Les deux opéras se ressemblent, à plusieurs niveaux, bien que 15 ans les séparent. D’abord, tous deux sont adaptés d’une nouvelle d’Henry James ; ensuite, dans les deux cas, l’action se situe dans un vieux manoir anglais, ils offrent tous deux la même fin, la mort d’un jeune garçon, adolescent ou jeune adulte ; enfin, les deux opéras se caractérisent par un mélange de fantastique et de psychologie et une tension croissante jusqu’au drame final.
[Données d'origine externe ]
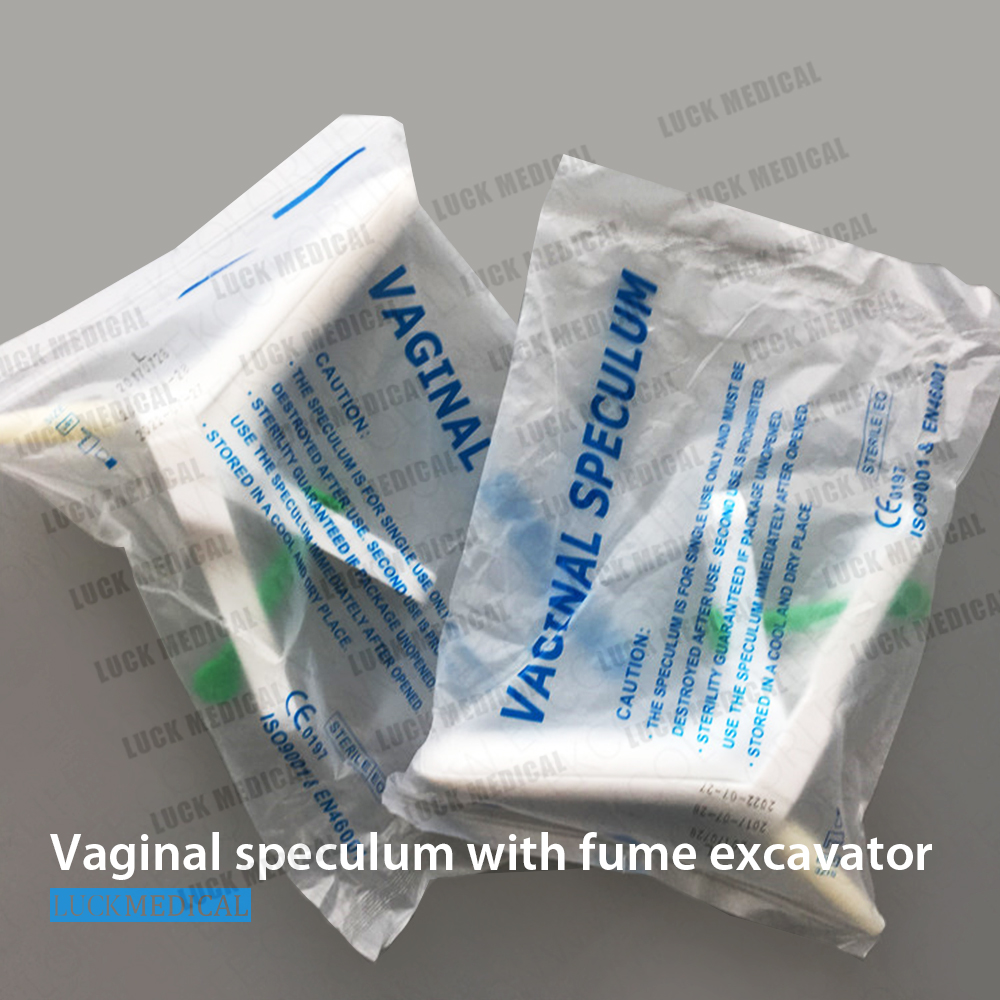 Speculum vaginal avec excavateur de fumé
C’est en 1892 que parait la nouvelle d’Henry James sous le titre Owen Wingrave. Quinze ans plus tard, il en tire une pièce en un acte intitulée The Saloon. Britten et sa librettiste, Myfanwy Piper (on doit aussi à cette dernière le livret du Tour d’Ecrou) semblent n’avoir pas eu connaissance de cette adaptation théâtrale. « La nouvelle est fidèle à l’esthétique de James : atmosphère oppressante et surnaturelle, personnages à l’hérédité chargée, et unis par des relations complexes, ironie feutrée –les femmes tirant les ficelles de l’action bien qu’évoluant dans un monde d’hommes, de militaires de surcroît. » (1) Mais, pour JF Boukobza, Owen Wingrave n’atteint pas le niveau du Tour d’Ecrou : il reproche à la nouvelle le manque de profondeur des personnages, une fin trop rapidement menée et qui peut laisser perplexe, une forme d’ensemble moins rigoureuse que celle du Tour d’Ecrou.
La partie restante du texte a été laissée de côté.